What you have to do –
Would you restate all the entries exactly, leaving nothing out?

/---

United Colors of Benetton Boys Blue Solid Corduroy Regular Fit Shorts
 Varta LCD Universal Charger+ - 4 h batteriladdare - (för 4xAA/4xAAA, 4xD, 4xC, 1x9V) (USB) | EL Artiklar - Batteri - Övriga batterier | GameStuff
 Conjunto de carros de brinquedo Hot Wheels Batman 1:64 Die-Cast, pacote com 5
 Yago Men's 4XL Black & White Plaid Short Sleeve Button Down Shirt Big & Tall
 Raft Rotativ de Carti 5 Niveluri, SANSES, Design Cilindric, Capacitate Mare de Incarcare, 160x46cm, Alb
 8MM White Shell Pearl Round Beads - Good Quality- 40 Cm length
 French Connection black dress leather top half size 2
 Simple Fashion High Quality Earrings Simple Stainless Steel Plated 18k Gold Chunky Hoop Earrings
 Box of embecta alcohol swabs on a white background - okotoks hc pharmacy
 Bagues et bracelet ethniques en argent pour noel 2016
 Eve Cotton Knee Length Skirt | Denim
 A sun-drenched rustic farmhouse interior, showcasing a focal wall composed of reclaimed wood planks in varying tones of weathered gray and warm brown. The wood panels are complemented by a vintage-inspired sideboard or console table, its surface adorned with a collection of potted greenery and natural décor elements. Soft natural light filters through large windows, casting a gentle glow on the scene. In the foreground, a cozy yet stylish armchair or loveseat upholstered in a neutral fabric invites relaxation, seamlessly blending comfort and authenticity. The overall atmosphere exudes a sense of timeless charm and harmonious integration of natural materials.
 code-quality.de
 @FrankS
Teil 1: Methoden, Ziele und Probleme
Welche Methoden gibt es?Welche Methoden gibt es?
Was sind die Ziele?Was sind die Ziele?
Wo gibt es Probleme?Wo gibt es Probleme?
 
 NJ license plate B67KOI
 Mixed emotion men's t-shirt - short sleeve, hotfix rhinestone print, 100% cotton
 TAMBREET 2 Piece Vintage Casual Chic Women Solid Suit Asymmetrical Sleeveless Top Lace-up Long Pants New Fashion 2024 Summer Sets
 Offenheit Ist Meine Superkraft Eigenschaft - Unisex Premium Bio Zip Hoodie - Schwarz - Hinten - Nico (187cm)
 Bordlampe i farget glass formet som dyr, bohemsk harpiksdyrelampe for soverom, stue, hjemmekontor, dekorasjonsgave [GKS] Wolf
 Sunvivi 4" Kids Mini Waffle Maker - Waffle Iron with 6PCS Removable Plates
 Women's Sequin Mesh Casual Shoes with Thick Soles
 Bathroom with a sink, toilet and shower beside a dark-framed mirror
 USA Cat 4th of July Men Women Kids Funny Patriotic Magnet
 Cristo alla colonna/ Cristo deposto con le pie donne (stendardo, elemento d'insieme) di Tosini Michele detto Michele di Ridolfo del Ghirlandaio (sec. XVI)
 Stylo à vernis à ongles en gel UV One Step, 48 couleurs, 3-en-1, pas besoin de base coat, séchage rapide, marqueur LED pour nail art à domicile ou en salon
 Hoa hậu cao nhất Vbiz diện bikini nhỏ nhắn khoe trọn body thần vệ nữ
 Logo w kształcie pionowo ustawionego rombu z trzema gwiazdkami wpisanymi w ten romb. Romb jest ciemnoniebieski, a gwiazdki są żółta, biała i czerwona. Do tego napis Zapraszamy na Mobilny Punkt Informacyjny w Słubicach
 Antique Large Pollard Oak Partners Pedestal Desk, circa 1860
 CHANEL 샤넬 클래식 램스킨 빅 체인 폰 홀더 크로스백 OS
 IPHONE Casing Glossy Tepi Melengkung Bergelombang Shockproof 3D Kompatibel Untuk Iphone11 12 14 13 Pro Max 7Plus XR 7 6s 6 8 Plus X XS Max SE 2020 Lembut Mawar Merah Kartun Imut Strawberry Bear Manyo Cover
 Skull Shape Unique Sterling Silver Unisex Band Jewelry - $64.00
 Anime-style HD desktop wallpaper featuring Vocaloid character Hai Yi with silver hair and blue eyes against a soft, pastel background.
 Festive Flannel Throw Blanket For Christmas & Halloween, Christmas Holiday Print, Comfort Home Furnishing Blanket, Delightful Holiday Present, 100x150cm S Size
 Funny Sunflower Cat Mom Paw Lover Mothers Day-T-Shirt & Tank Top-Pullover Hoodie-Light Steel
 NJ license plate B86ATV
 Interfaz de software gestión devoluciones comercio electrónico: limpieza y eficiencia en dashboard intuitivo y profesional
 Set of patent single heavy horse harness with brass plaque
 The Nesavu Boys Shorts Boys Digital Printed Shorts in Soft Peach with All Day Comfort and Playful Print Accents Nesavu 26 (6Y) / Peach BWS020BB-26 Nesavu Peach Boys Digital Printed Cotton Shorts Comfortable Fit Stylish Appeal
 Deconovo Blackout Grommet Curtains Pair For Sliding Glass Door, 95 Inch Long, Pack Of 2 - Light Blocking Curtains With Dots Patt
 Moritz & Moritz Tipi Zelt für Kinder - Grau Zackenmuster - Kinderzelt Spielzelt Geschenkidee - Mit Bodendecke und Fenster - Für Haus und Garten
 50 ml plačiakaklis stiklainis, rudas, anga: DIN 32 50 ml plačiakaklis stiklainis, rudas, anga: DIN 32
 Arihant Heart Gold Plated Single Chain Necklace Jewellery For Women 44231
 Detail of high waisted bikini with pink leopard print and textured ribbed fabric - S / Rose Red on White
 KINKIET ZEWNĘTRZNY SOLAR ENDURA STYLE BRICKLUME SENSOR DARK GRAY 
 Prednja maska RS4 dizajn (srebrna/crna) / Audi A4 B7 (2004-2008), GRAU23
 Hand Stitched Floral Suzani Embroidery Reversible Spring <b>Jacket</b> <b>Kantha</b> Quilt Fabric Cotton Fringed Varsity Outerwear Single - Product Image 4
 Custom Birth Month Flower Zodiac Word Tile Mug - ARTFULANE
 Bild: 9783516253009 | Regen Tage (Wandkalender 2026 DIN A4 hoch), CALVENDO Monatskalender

\---

Answer space –
United Colors of Benetton Boys Blue Solid Corduroy Regular Fit Shorts
 Varta LCD Universal Charger+ - 4 h batteriladdare - (för 4xAA/4xAAA, 4xD, 4xC, 1x9V) (USB) | EL Artiklar - Batteri - Övriga batterier | GameStuff
 Conjunto de carros de brinquedo Hot Wheels Batman 1:64 Die-Cast, pacote com 5
 Yago Men's 4XL Black & White Plaid Short Sleeve Button Down Shirt Big & Tall
 Raft Rotativ de Carti 5 Niveluri, SANSES, Design Cilindric, Capacitate Mare de Incarcare, 160x46cm, Alb
 8MM White Shell Pearl Round Beads - Good Quality- 40 Cm length
 French Connection black dress leather top half size 2
 Simple Fashion High Quality Earrings Simple Stainless Steel Plated 18k Gold Chunky Hoop Earrings
 Box of embecta alcohol swabs on a white background - okotoks hc pharmacy
 Bagues et bracelet ethniques en argent pour noel 2016
 Eve Cotton Knee Length Skirt | Denim
 A sun-drenched rustic farmhouse interior, showcasing a focal wall composed of reclaimed wood planks in varying tones of weathered gray and warm brown. The wood panels are complemented by a vintage-inspired sideboard or console table, its surface adorned with a collection of potted greenery and natural décor elements. Soft natural light filters through large windows, casting a gentle glow on the scene. In the foreground, a cozy yet stylish armchair or loveseat upholstered in a neutral fabric invites relaxation, seamlessly blending comfort and authenticity. The overall atmosphere exudes a sense of timeless charm and harmonious integration of natural materials.
 code-quality.de
 @FrankS
Teil 1: Methoden, Ziele und Probleme
Welche Methoden gibt es?Welche Methoden gibt es?
Was sind die Ziele?Was sind die Ziele?
Wo gibt es Probleme?Wo gibt es Probleme?
 
 NJ license plate B67KOI
 Mixed emotion men's t-shirt - short sleeve, hotfix rhinestone print, 100% cotton
 TAMBREET 2 Piece Vintage Casual Chic Women Solid Suit Asymmetrical Sleeveless Top Lace-up Long Pants New Fashion 2024 Summer Sets
 Offenheit Ist Meine Superkraft Eigenschaft - Unisex Premium Bio Zip Hoodie - Schwarz - Hinten - Nico (187cm)
 Bordlampe i farget glass formet som dyr, bohemsk harpiksdyrelampe for soverom, stue, hjemmekontor, dekorasjonsgave [GKS] Wolf
 Sunvivi 4" Kids Mini Waffle Maker - Waffle Iron with 6PCS Removable Plates
 Women's Sequin Mesh Casual Shoes with Thick Soles
 Bathroom with a sink, toilet and shower beside a dark-framed mirror
 USA Cat 4th of July Men Women Kids Funny Patriotic Magnet
 Cristo alla colonna/ Cristo deposto con le pie donne (stendardo, elemento d'insieme) di Tosini Michele detto Michele di Ridolfo del Ghirlandaio (sec. XVI)
 Stylo à vernis à ongles en gel UV One Step, 48 couleurs, 3-en-1, pas besoin de base coat, séchage rapide, marqueur LED pour nail art à domicile ou en salon
 Hoa hậu cao nhất Vbiz diện bikini nhỏ nhắn khoe trọn body thần vệ nữ
 Logo w kształcie pionowo ustawionego rombu z trzema gwiazdkami wpisanymi w ten romb. Romb jest ciemnoniebieski, a gwiazdki są żółta, biała i czerwona. Do tego napis Zapraszamy na Mobilny Punkt Informacyjny w Słubicach
 Antique Large Pollard Oak Partners Pedestal Desk, circa 1860
 CHANEL 샤넬 클래식 램스킨 빅 체인 폰 홀더 크로스백 OS
 IPHONE Casing Glossy Tepi Melengkung Bergelombang Shockproof 3D Kompatibel Untuk Iphone11 12 14 13 Pro Max 7Plus XR 7 6s 6 8 Plus X XS Max SE 2020 Lembut Mawar Merah Kartun Imut Strawberry Bear Manyo Cover
 Skull Shape Unique Sterling Silver Unisex Band Jewelry - $64.00
 Anime-style HD desktop wallpaper featuring Vocaloid character Hai Yi with silver hair and blue eyes against a soft, pastel background.
 Festive Flannel Throw Blanket For Christmas & Halloween, Christmas Holiday Print, Comfort Home Furnishing Blanket, Delightful Holiday Present, 100x150cm S Size
 Funny Sunflower Cat Mom Paw Lover Mothers Day-T-Shirt & Tank Top-Pullover Hoodie-Light Steel
 NJ license plate B86ATV
 Interfaz de software gestión devoluciones comercio electrónico: limpieza y eficiencia en dashboard intuitivo y profesional
 Set of patent single heavy horse harness with brass plaque
 The Nesavu Boys Shorts Boys Digital Printed Shorts in Soft Peach with All Day Comfort and Playful Print Accents Nesavu 26 (6Y) / Peach BWS020BB-26 Nesavu Peach Boys Digital Printed Cotton Shorts Comfortable Fit Stylish Appeal
 Deconovo Blackout Grommet Curtains Pair For Sliding Glass Door, 95 Inch Long, Pack Of 2 - Light Blocking Curtains With Dots Patt
 Moritz & Moritz Tipi Zelt für Kinder - Grau Zackenmuster - Kinderzelt Spielzelt Geschenkidee - Mit Bodendecke und Fenster - Für Haus und Garten
 50 ml plačiakaklis stiklainis, rudas, anga: DIN 32 50 ml plačiakaklis stiklainis, rudas, anga: DIN 32
 Arihant Heart Gold Plated Single Chain Necklace Jewellery For Women 44231
 Detail of high waisted bikini with pink leopard print and textured ribbed fabric - S / Rose Red on White
 KINKIET ZEWNĘTRZNY SOLAR ENDURA STYLE BRICKLUME SENSOR DARK GRAY 
 Prednja maska RS4 dizajn (srebrna/crna) / Audi A4 B7 (2004-2008), GRAU23
 Hand Stitched Floral Suzani Embroidery Reversible Spring <b>Jacket</b> <b>Kantha</b> Quilt Fabric Cotton Fringed Varsity Outerwear Single - Product Image 4
 Custom Birth Month Flower Zodiac Word Tile Mug - ARTFULANE
 Bild: 9783516253009 | Regen Tage (Wandkalender 2026 DIN A4 hoch), CALVENDO Monatskalender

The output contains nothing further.